_Material provided_:

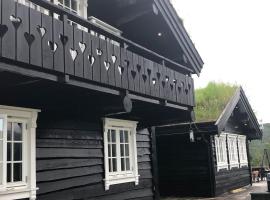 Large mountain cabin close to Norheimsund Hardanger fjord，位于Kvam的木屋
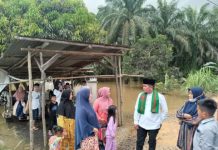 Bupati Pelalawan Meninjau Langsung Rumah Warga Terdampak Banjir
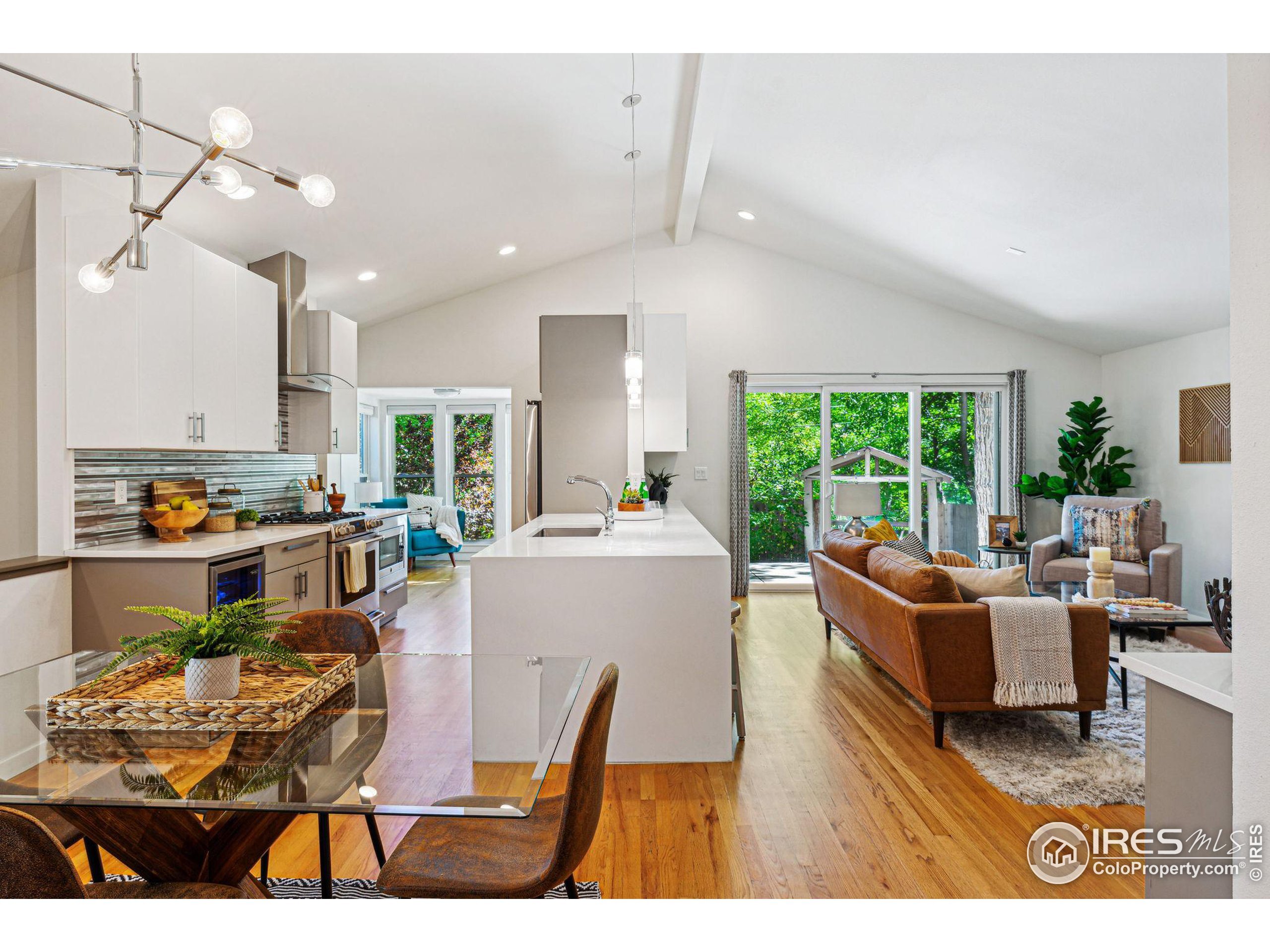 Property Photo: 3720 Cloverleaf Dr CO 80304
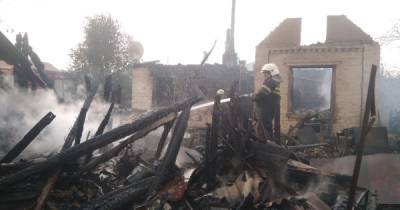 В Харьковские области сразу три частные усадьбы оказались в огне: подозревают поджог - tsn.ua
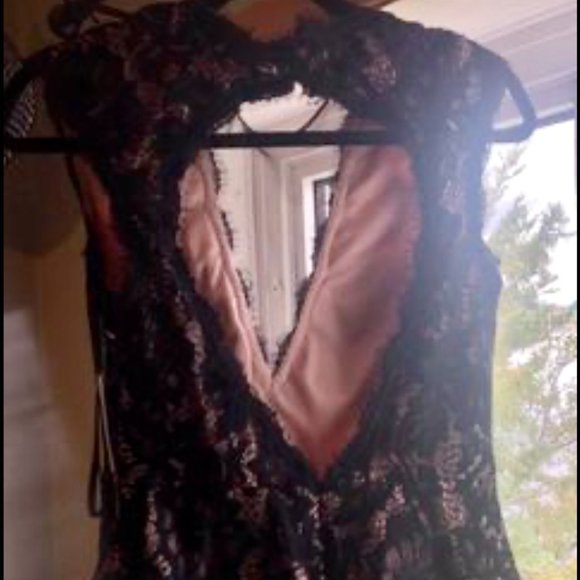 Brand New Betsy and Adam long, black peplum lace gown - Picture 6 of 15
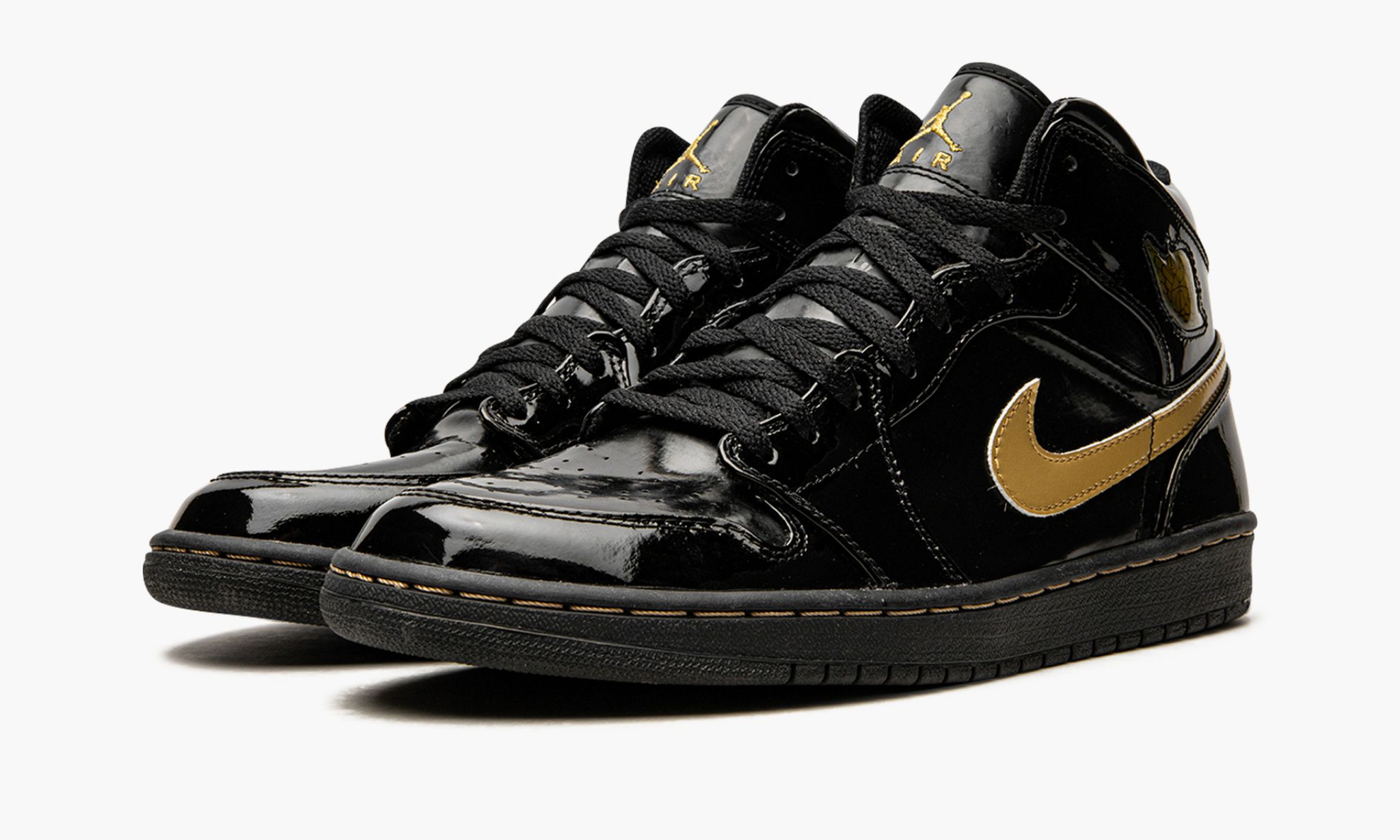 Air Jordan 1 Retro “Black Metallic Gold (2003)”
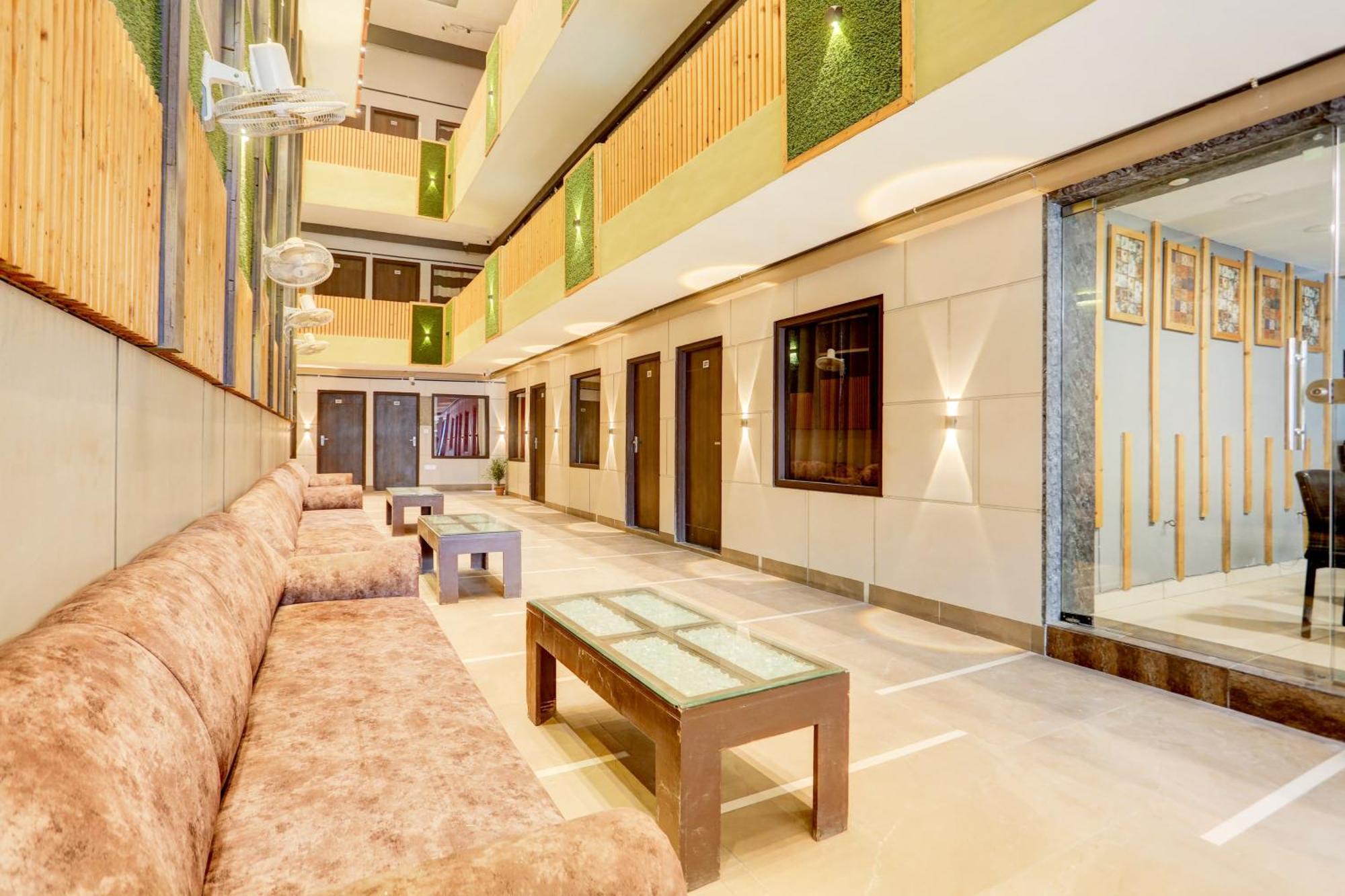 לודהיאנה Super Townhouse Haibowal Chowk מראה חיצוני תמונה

_Aim of the task_:
Reproduce the material above in full and without alteration, but skip all pictures.

_Response area_:
 Large mountain cabin close to Norheimsund Hardanger fjord，位于Kvam的木屋
 Bupati Pelalawan Meninjau Langsung Rumah Warga Terdampak Banjir
 Property Photo: 3720 Cloverleaf Dr CO 80304
 В Харьковские области сразу три частные усадьбы оказались в огне: подозревают поджог - tsn.ua
 Brand New Betsy and Adam long, black peplum lace gown - Picture 6 of 15
 Air Jordan 1 Retro “Black Metallic Gold (2003)”
 לודהיאנה Super Townhouse Haibowal Chowk מראה חיצוני תמונה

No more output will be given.